This controls the camera’s various exposure modes, which include fully auto options suitable for beginners, special effects and image styles and the kind of semi-automatic and manual modes that enthusiasts and professionals will need. To turn the mode dial you have to press and hold the button in the centre – this is so that the dial doesn’t get turned accidentally, which can often happen with other cameras. We’ll start with the basic ‘green’ Auto setting and work round in an anti-clockwise direction.
Auto: The camera takes care of all the settings for you, choosing the shutter speed, lens aperture and ISO automatically, popping up the flash if it thinks the scene needs extra light. It uses the D7200’s Auto Area AF mode to select a focus point automatically.
Flash off: This works in just the same way as the Auto mode, but the flash is disabled. This is so that you can use the camera in churches, theatres, museums or other places where flash photography is banned. It’s also useful in places where flash would kill he atmosphere or be too weak to have any effect, e.g. sports arenas.
Scene: Like many cameras, the D7200 has special modes for specific subjects. It’s like full auto operation, but with settings that are tweaked to suit that particular subject. If you turn the rear command dial, the main LCD display activates, and if you keep turning you can cycle through the different scene modes available: Portrait, Landscape, Child, Sports, Close up, Night portrait, Night landscape, Party/Indoor, Beach/Snow, Sunset, Dusk/Dawn, Pet portrait, Candlelight, Blossom, Autumn colours, Food.
U1/U2: These are custom user settings you can save for particular subjects or styles of photography. For example, you can could set the camera to Manual mode, set the Picture Control to Monochrome and then use the menu to save this to the U! setting. Now, when you turn he mode dial to U1, it sets the camera up with these options.
Effects: These are a combination of camera settings and processing options that produce effects you’d normally need a computer to achieve. They include a Night vision effect, Color sketch effect, Miniature effect, Selective Color, Silhouette, High key and Low key effects. As with the Scene setting, you turn the rear command dial to activate the rear display and select an effect.
M (Manual): In this mode, you have complete control over both the lens aperture and the shutter speed. The camera will still display an exposure bar based on the light levels in the scene and your current settings, but this is for information only. You use the front dial to change the aperture, the rear dial to change the shutter speed.
A (Aperture priority): In this mode, you choose the lens aperture (using the front dial) and the camera then selects the shutter speed needed to give the correct exposure. You use this mode if you want precise control over the depth of field in the scene and the shutter speed is less important.

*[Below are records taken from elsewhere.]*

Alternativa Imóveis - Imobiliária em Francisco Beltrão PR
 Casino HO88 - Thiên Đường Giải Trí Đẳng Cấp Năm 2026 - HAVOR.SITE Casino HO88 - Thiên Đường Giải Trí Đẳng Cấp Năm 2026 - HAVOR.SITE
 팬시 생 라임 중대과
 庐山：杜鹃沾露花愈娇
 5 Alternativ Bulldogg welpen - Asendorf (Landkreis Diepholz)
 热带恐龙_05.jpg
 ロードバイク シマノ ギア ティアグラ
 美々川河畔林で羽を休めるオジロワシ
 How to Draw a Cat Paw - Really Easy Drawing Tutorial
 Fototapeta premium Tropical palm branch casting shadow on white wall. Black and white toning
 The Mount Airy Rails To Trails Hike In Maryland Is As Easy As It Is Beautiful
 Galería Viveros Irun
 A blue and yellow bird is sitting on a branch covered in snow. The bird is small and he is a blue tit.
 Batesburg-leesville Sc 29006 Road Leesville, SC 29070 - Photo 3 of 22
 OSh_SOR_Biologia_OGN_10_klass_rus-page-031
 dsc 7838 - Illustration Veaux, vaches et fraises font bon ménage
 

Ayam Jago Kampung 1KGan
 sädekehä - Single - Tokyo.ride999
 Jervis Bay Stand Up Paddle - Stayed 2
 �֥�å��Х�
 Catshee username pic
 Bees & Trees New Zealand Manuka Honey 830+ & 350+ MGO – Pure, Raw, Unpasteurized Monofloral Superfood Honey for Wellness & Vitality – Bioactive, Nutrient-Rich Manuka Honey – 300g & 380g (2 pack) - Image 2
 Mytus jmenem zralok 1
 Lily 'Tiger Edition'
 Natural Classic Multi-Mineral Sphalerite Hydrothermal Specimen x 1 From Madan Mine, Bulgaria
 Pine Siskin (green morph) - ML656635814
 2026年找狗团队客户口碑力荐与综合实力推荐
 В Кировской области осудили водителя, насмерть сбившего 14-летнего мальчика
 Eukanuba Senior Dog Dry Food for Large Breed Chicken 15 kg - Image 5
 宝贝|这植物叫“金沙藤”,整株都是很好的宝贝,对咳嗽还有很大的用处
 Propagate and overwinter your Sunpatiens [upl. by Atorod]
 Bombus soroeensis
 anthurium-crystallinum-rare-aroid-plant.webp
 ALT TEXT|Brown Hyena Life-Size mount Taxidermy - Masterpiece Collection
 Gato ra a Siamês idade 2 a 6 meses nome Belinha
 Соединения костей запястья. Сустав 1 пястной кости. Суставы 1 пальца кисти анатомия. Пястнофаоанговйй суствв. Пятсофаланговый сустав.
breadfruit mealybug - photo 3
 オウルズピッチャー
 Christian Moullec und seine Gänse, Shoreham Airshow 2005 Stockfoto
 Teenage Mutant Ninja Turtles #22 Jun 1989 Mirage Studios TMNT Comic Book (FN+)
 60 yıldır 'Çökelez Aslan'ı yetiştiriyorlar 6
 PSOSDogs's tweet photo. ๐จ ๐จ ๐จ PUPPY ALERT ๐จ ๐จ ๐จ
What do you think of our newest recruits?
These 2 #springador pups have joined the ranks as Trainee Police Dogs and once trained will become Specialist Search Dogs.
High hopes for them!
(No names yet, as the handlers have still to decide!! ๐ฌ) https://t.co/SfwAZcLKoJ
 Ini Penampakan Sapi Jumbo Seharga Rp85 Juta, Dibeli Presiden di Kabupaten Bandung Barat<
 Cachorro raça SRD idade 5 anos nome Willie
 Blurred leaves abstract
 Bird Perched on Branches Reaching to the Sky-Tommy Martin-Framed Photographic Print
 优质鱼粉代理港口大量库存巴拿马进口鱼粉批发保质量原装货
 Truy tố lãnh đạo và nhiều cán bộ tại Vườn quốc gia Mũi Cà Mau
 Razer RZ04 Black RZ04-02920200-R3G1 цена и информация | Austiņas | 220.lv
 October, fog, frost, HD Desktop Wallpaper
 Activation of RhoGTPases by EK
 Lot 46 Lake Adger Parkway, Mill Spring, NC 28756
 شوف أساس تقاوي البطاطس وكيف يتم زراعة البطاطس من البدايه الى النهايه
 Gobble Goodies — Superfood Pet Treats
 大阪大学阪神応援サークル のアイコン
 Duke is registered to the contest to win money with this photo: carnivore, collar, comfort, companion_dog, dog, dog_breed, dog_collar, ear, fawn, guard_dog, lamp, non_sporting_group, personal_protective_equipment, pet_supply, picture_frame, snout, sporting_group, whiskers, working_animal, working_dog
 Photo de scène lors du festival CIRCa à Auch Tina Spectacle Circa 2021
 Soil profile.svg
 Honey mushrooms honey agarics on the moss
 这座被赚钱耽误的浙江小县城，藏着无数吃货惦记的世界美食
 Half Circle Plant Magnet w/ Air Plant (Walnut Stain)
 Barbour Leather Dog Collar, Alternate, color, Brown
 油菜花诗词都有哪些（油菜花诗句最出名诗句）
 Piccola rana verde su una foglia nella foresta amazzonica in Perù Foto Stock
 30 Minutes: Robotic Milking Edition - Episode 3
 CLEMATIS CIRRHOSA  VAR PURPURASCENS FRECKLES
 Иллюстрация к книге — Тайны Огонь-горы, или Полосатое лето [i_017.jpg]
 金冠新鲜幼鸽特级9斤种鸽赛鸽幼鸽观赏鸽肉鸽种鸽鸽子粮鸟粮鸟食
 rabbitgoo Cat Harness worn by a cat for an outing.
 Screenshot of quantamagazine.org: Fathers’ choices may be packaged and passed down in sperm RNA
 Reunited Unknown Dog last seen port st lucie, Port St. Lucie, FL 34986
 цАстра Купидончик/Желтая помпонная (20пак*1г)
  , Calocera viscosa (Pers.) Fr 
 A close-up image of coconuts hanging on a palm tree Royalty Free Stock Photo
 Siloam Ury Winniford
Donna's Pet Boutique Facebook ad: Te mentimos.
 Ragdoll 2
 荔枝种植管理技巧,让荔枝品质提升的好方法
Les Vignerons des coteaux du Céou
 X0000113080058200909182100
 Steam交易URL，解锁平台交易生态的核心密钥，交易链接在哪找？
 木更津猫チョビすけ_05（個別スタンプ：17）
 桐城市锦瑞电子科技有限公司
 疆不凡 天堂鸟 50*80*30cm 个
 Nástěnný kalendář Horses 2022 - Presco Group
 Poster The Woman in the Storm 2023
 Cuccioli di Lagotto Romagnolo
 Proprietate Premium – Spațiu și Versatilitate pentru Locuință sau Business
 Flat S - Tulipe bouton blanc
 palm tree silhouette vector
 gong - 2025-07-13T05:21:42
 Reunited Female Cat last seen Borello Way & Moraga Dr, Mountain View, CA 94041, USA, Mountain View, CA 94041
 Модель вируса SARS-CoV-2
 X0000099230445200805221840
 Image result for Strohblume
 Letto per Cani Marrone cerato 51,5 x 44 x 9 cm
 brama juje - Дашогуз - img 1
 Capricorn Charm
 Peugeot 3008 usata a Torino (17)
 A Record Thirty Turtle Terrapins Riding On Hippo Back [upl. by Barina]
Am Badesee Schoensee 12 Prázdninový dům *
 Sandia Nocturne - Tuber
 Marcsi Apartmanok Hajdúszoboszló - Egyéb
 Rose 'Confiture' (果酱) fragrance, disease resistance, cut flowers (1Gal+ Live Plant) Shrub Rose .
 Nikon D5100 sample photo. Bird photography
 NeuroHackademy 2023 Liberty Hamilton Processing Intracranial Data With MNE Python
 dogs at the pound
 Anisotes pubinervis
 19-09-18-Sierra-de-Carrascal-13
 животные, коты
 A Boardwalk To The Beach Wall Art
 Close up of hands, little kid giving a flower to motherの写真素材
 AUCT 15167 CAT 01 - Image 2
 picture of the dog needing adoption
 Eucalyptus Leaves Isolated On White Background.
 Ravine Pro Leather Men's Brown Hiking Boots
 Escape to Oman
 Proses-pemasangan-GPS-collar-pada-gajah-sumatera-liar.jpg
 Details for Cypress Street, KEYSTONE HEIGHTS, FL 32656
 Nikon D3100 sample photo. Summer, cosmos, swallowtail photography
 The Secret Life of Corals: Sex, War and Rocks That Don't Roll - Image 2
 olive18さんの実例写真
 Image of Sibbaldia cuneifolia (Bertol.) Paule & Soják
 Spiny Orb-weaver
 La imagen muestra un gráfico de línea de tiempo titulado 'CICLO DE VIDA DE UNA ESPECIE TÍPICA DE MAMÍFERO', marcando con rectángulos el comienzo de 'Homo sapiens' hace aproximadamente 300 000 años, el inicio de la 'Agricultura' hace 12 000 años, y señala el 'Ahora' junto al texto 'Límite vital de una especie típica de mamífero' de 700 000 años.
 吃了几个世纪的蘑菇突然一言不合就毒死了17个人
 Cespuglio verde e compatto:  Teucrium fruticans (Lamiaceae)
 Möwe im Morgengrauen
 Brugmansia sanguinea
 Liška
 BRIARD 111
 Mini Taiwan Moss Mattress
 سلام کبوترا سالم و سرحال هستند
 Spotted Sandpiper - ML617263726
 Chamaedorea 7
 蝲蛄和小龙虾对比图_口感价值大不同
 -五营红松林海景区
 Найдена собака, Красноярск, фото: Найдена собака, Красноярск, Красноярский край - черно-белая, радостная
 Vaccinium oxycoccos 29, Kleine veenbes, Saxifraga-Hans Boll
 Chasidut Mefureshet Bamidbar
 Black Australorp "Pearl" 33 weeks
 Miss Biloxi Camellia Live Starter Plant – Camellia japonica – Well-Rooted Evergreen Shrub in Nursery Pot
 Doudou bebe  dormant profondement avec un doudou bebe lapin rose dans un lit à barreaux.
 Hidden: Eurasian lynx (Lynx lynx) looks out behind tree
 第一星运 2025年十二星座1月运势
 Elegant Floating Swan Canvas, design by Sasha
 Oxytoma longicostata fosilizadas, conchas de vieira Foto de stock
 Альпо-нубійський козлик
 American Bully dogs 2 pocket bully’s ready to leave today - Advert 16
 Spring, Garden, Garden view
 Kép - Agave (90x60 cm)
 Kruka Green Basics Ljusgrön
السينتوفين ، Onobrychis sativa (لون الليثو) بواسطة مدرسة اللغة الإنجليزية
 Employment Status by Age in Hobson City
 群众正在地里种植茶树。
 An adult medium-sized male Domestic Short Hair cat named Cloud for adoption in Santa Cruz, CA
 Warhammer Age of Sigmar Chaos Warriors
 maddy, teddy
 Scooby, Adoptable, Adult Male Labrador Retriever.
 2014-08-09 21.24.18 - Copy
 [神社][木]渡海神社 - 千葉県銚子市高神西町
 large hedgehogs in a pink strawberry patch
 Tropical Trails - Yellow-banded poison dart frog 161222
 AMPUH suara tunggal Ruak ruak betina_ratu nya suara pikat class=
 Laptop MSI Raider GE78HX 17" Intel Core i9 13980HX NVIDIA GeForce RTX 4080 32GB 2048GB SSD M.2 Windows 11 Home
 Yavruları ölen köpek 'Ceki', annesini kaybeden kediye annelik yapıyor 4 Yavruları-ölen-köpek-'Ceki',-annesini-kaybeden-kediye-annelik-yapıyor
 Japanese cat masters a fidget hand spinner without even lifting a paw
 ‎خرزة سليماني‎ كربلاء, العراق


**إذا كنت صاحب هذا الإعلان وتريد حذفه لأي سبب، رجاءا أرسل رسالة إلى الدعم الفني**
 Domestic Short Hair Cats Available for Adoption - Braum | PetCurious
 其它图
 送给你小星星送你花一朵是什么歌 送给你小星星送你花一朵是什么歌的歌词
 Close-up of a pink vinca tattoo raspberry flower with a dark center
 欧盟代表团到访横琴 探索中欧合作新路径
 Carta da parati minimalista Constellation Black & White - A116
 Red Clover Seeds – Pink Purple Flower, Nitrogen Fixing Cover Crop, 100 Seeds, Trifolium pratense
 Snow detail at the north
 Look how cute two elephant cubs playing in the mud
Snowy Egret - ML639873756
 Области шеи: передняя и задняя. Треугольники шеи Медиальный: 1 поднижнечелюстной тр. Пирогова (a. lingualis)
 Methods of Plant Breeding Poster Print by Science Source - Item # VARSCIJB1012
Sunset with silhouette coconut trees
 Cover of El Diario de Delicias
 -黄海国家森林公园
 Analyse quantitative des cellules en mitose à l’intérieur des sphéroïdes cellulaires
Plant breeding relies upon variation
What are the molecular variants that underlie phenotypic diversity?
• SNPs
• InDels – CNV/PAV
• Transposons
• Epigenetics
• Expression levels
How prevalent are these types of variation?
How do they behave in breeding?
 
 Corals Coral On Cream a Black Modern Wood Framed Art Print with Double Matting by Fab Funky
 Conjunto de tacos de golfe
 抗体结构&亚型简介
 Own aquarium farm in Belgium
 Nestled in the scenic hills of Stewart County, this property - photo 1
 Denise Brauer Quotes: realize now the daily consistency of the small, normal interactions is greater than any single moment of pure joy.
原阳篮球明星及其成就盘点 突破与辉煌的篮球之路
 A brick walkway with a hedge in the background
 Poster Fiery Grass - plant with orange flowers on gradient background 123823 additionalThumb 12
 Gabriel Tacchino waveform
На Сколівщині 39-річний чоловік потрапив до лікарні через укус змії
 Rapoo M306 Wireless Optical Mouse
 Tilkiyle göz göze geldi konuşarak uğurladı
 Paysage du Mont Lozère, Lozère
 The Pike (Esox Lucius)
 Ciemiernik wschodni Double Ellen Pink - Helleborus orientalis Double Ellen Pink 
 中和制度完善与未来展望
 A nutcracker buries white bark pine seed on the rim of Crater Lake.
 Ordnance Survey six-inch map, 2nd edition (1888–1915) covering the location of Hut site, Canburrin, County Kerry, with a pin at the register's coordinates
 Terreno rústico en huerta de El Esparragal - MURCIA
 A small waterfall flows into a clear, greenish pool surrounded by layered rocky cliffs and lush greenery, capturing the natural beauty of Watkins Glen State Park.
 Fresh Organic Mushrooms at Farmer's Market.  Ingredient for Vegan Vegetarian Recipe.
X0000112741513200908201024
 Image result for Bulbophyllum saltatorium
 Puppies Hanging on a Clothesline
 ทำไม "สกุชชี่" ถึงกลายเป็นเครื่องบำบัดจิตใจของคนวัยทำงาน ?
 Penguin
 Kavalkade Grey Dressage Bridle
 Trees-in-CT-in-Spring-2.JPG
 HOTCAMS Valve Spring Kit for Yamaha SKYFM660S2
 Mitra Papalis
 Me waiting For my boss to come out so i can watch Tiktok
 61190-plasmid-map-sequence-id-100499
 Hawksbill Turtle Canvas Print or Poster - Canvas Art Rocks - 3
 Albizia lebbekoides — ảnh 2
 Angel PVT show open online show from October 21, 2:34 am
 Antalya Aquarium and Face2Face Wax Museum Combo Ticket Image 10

S (Shutter priority): Here, you choose the shutter speed (using the rear dial) and the camera selects the lens aperture needed to give the correct exposure. You use this mode when you need precise control over movement blur (or lack of it) in the picture and depth of field is relatively unimportant.
P (Program): In this mode, the camera chooses the shutter speed and lens aperture automatically, trying to find the best combination for giving reasonable depth of field while avoiding camera shake. It’s much more powerful than the Auto mode, though, because you have full manual control over all the other settings like ISO, focus point, flash mode and more. You can also turn the rear command dial to enter ‘Flexible program’ mode, where you can select different combinations of shutter speed and lens aperture to choose faster speeds or smaller apertures, for example.